Johnny Cash
American III: Solitary Man
Quando si parla di Johnny Cash negli anni della American Recordings a chiunque viene in mente l’immagine rugosa del vecchio Johnny che canta il suo dolore nel suo salotto di casa in quel capolavoro-testamento che è la sua cover di Hurt dei Nine Inch Nails. In realtà quella serie di dischi, sette in totale, comprende varie facce dello stesso Cash magistralmente curate e coordinate da sua maestà Rick Rubin. Il disco in questione, American III: Solitary Man, pubblicato nel 2000 a tre anni dalla morte di Cash, quarto della serie se si tiene conto anche del live a Storytellers con Willie Nelson, è il disco che forse più di qualunque altro della produzione diretta da Rubin riesce a riassumere tali espressioni.
È un disco che spesso viene ricordato per la cover più celebre, “One”, ma che il più delle volte viene agilmente superato anche nelle antologie dedicate alla voce baritona più emozionante del secolo scorso, le quali preferiscono soffermarsi maggiormente sugli altri due dischi successivi, ben più espliciti, diretti, celebri e celebrati di questo. Volendo fare un paragone mi viene in mente il terzo capolavoro dei Led Zeppelin, misto di rock elettrico e bucolico che, pur con accenti ovviamente diversi, è stato a lungo messo in ombra dal suo successore. American III è per la maggiore un disco di cover che Cash non si limita ad interpretare, ma se ne impossessa, le fa sue, le usa a suo uso e consumo per raccontare l’oscurità, la paura, la morte.
Il pezzo che apre le danze dichiara subito quali sono le intenzioni del vecchio folkman di Kingsland: “I Won’t back down”; meravigliosa rilettura del pezzo di Tom Petty qui presente ai cori e all’organo.

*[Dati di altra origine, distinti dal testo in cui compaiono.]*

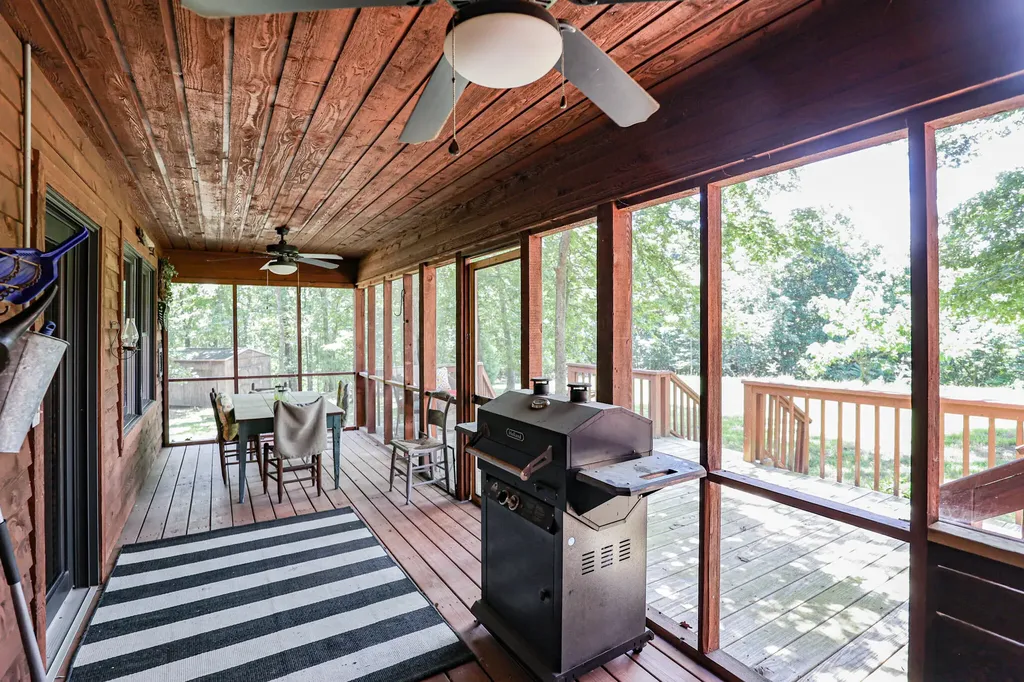 3517 Barge Island Road Benton KY 42025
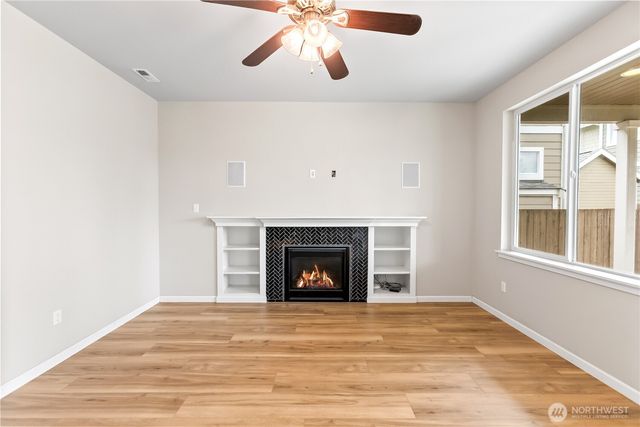 3833 Westar Avenue SW, Bremerton, WA 98312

Segue una notevole “Solitary Man” di Neil Diamond di cui si può ricordare la versione italiana “Se perdo anche te” di Gianni Morandi. Il disco si apre definitivamente con One, in un’interpretazione acusticamente calda da bruciare anche le anime più gelide. Si passa poi agli altri due piccoli capolavori “I See Darkness” e “The Mercy Seat”. La prima è un toccante naufragio nell’oscurità con l’autore originale Will Oldham ai cori, la seconda è una bellissima e scura cover di Nick Cave meno convulsa rispetto all’originale.
Non sono da meno anche i pezzi firmati Cash; piccoli gioiellini country come “Field Of Diamond” e “Before My Time” , la scoppiettante “Country Trash” o la dolce “I’m Leaving Now”.
Tutto acustico, niente elettronica, sintetizzatori, distorsioni, niente di niente. Chitarre acustiche, qualche nota di piano, a volte un organo un violino o una fisarmonica. Il resto lo fa tutto una voce incredibilmente profonda, “così grande da rendere piccolo il mondo” per dirla con Dylan, che ti entra dentro e difficilmente esce senza portar via con se un brivido, un sorriso o una lacrima.